Alliance Alert: The Alliance for Rights and Recovery shares the serious concerns raised by the Bazelon Center for Mental Health Law regarding a recent initiative by the U.S. Department of Veterans Affairs (VA) and the Department of Justice to increase the use of guardianship for homeless veterans receiving services in VA hospitals.
According to the announcement, VA attorneys will be appointed as Special Assistant United States Attorneys to petition courts for guardianship over certain homeless veterans who are currently receiving services in VA facilities. The stated goal is to address situations where veterans are believed to lack the capacity to make decisions. However, advocates and legal experts have raised important questions about whether the underlying issue is actually a lack of community-based services and housing rather than a lack of decision-making capacity.
The Alliance agrees with the Bazelon Center’s assessment that the primary reason people remain in psychiatric hospitals or institutional settings is often the lack of accessible housing and adequate community mental health services. When individuals cannot access stable housing, peer support, case management, and other voluntary services in the community, discharge from institutional settings becomes extremely difficult. Expanding the use of guardianship risks shifting the focus away from solving these systemic problems.
We believe the federal government should prioritize investments in community mental health services, supportive housing, and voluntary recovery-oriented supports that help veterans live successfully in their communities. Veterans who have served our country deserve policies that strengthen their independence, dignity, and ability to make decisions about their own lives, not policies that remove their decision-making authority.

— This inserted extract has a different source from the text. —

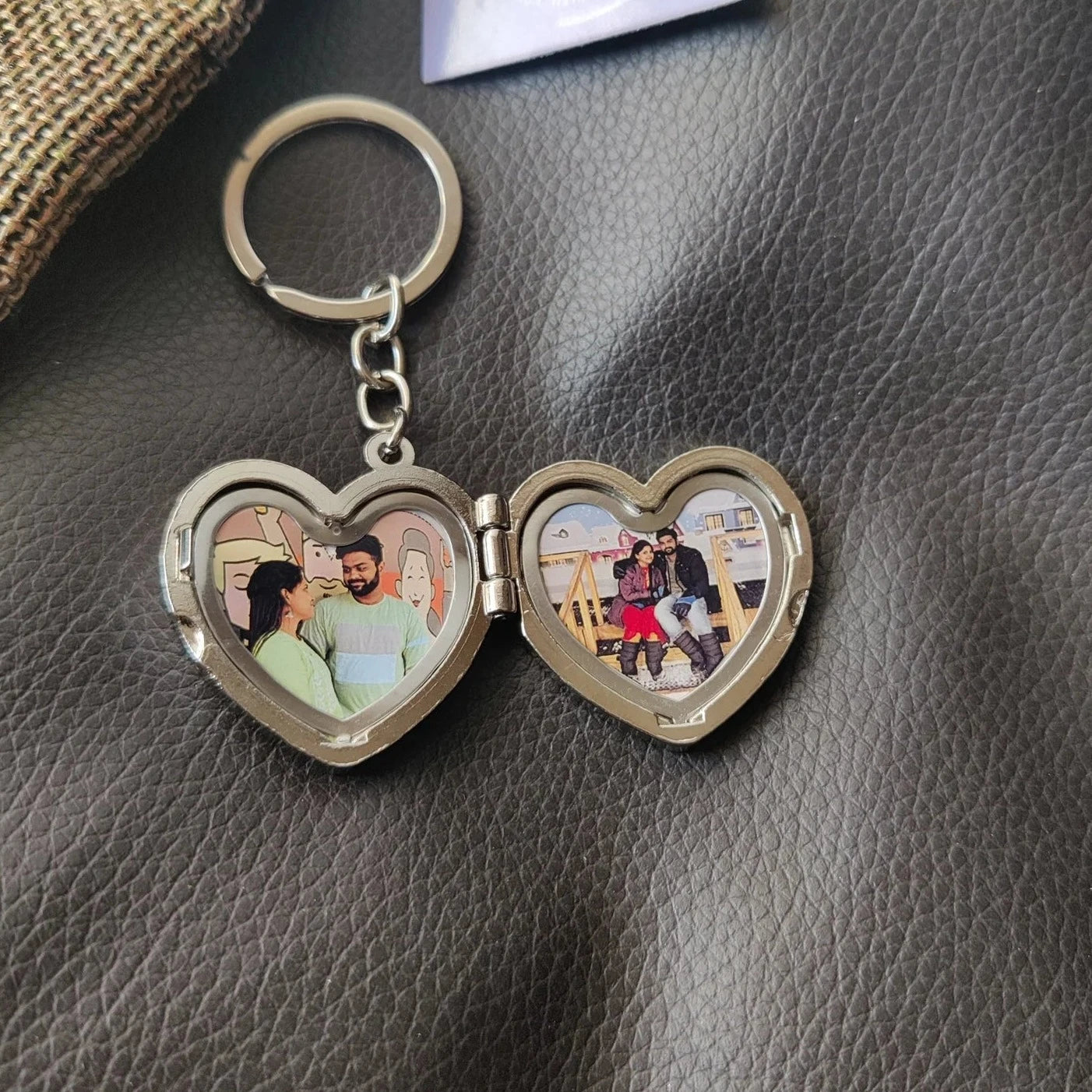 Personalized Heart Shaped Silver Metal Keychain with Name 2 Photos Zestpics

Guardianship should always be considered a last resort. Expanding its use without first addressing the lack of housing and services risks increasing institutionalization and undermining the civil rights of veterans with mental health disabilities. Instead of expanding guardianship, the federal government should focus on building the community-based infrastructure that allows veterans to transition safely out of institutional settings and thrive in their own homes and communities.

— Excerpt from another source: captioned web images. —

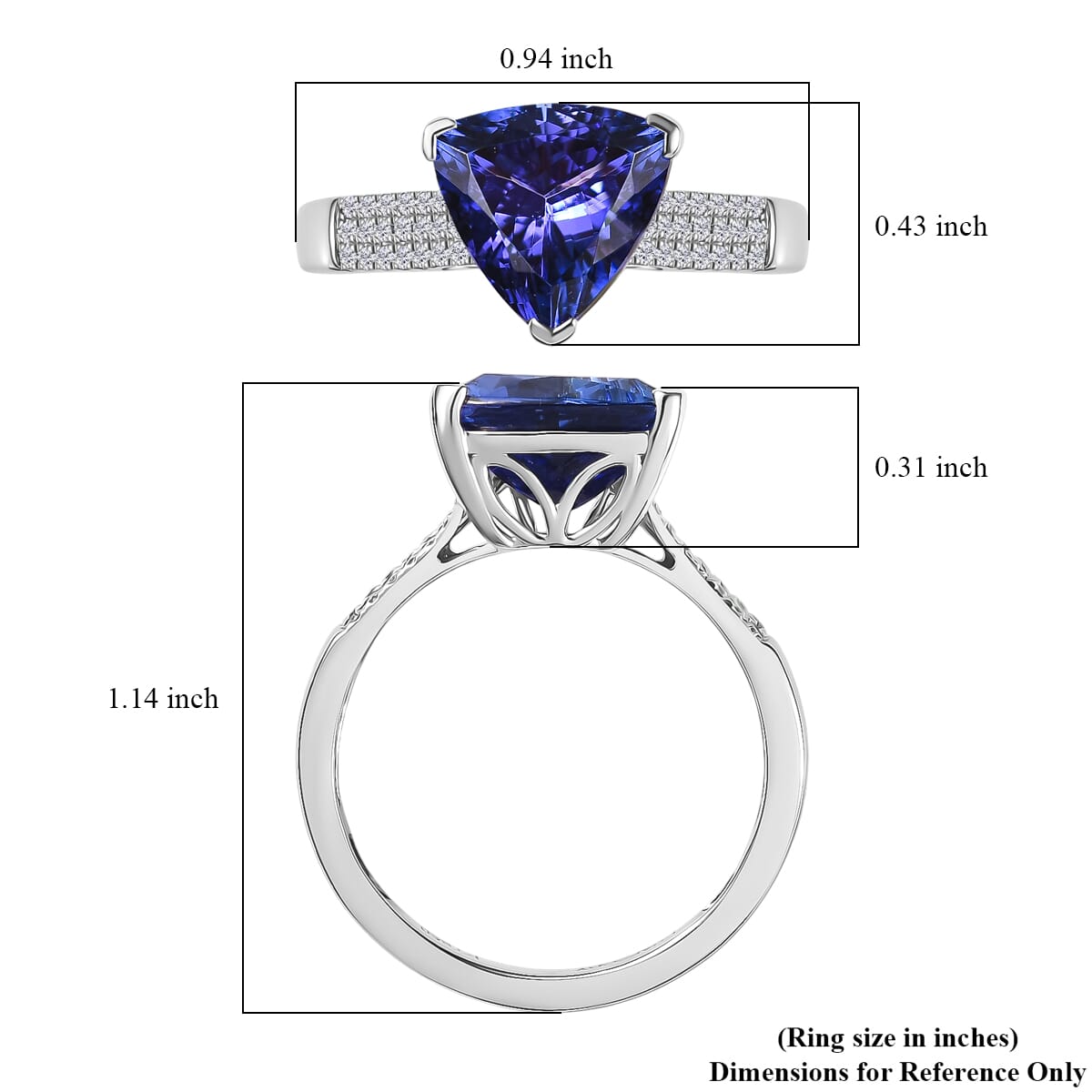 Certified & Appraised Rhapsody AAAA Tanzanite and E-F VS Diamond 4.16 ctw Ring in 950 Platinum (Size 9.0) 6.60 Grams (Del. in 10-15 Days) image number 5
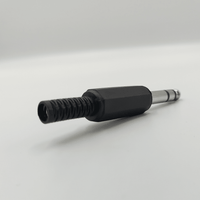 Kentech 750.854TVA/CJP802 6.35mm Stereo Male Jack Connector (Plastic / Black) - 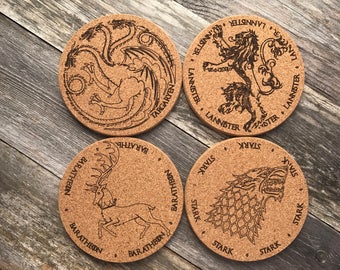 Game of Thrones Coasters (GOT), Set of 4, Lannister, Targaryen, Stark, Baratheon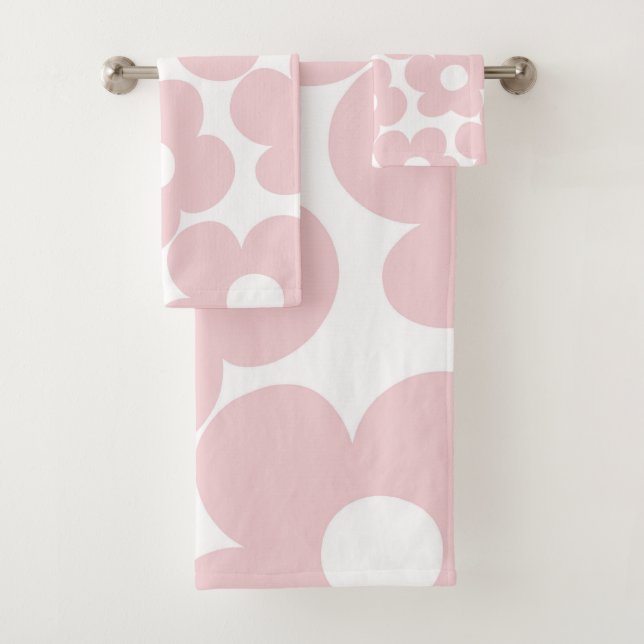 Blush Pink Retro Daisies #1 #decor #art Bath Towel Set (Insitu)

Those interested in learning more about federal policy developments like this one and how advocates and providers can respond are encouraged to register for the Alliance’s upcoming Executive Seminar. The event will provide a deeper look at federal policy changes affecting mental health and substance use services and offer strategies for leaders and advocates in New York to mitigate potential harms and push for reforms that strengthen community-based supports.
Register Today:
2026 Alliance for Rights and Recovery Executive Seminar Tickets, Thursday, Apr 16 from 9 am to 4 pm | Eventbrite

Statement of the Bazelon Center for Mental Health Law on Veterans’ Affairs-Department of Justice Initiative to Strip Rights from Homeless Veterans
March 11, 2026 – We are gravely concerned about the Department of Veterans’ Affairs’ new initiative seeking to place hundreds of homeless veterans under guardianship. According to an announcement today, the VA and the Justice Department have entered an agreement to appoint VA lawyers to serve as Special Assistant United States Attorneys and petition for appointment of guardians for homeless veterans in VA hospitals. While the VA claims that these veterans are stuck in VA hospitals because they lack capacity to make health care decisions, it is far more likely that these veterans are stuck because of the lack of community mental health services and housing.

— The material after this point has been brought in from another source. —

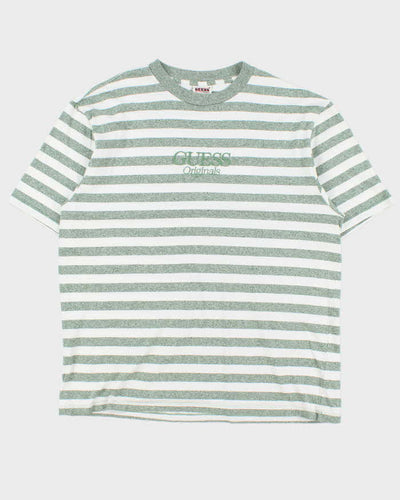Guess Jeans Retro Striped Crewneck Oversized T-Shirt - L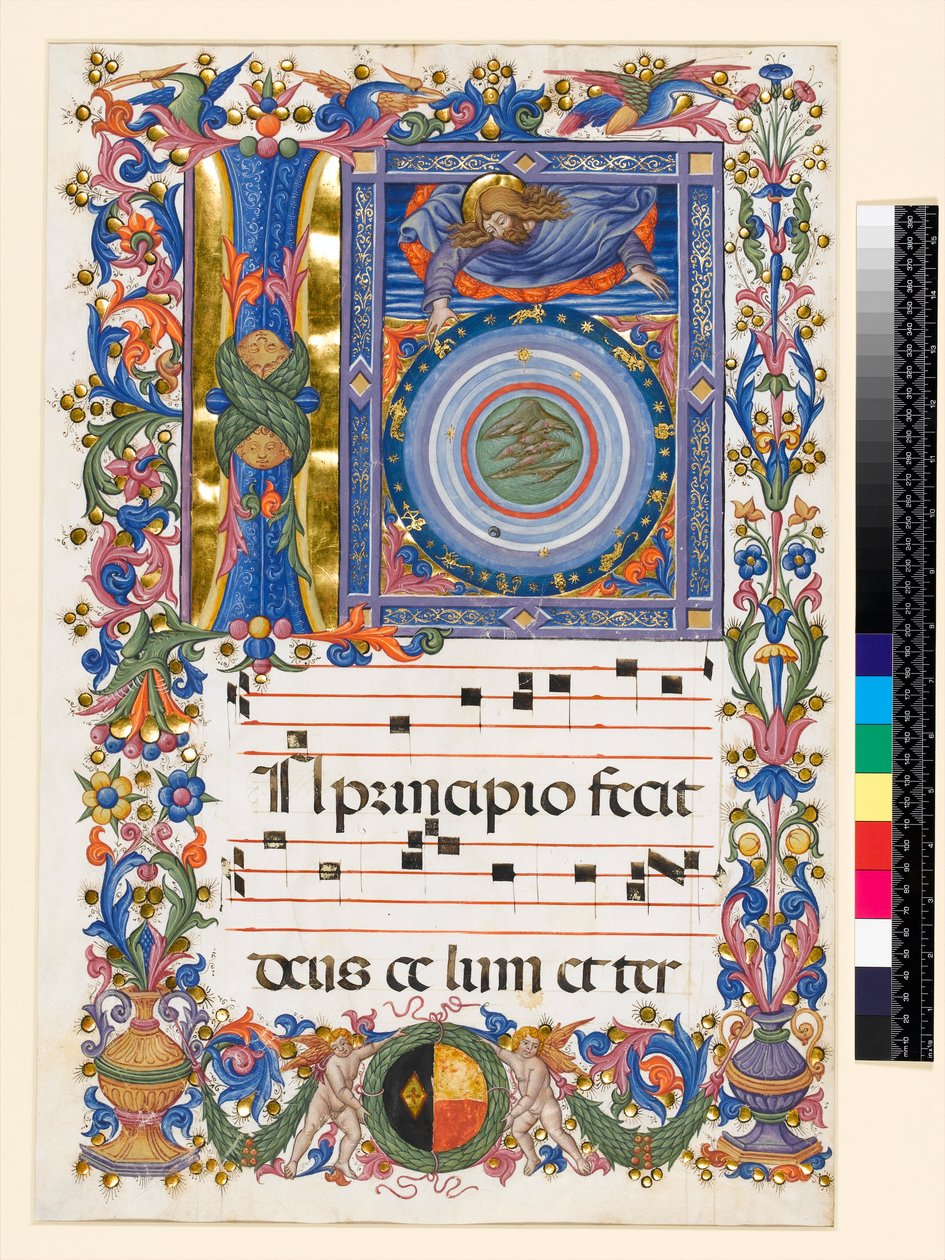 Historiált kezdeti I, a teremtést ábrázoló, 1470 körül alkotó: Pellegrino di Mariano attr.to Pellegrino di Mariano attr.to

“In our experience, the reasons that people sit in psychiatric hospitals or wards waiting to be discharged is almost always that there are not sufficient community services or housing,” said Jennifer Mathis, Deputy Director of the Bazelon Center. “The VA’s new initiative will do little to solve the underlying problems facing homeless veterans with mental health disabilities. The VA should focus on ensuring that the veterans it is responsible for serving have the help they need to live and thrive in their own homes and communities rather than trying to strip them of their right to make decisions.”
The VA’s claim that hundreds of homeless veterans have been languishing in its hospitals due to their inability to make health care decisions raises an obvious question—if that were true, how has the VA been discharging its responsibility to provide them with services until now if they lack the capacity to consent to treatment?
Without sufficient housing and services to serve these veterans in the community, guardians are likely to seek their placement in institutional facilities, even if they could be served in their own homes. In December 2025, the Ninth Circuit Court of Appeals upheld a ruling that the VA was discriminating based on disability under Section 504 of the Rehabilitation Act by failing to serve homeless veterans with mental illnesses in West Los Angeles in the most integrated setting appropriate. The court affirmed the conclusion that the VA had placed veterans at serious risk of institutionalization by failing to provide them with the community services and supported housing that they needed, and kept in place a court order directing the VA to create thousands of units of supportive housing for these veterans. It appears that the VA’s new initiative to seek guardianship for hundreds of homeless veterans is an effort to avoid providing the community services and housing that veterans want and to have them placed in congregate settings instead. That would be bad policy and would violate the law.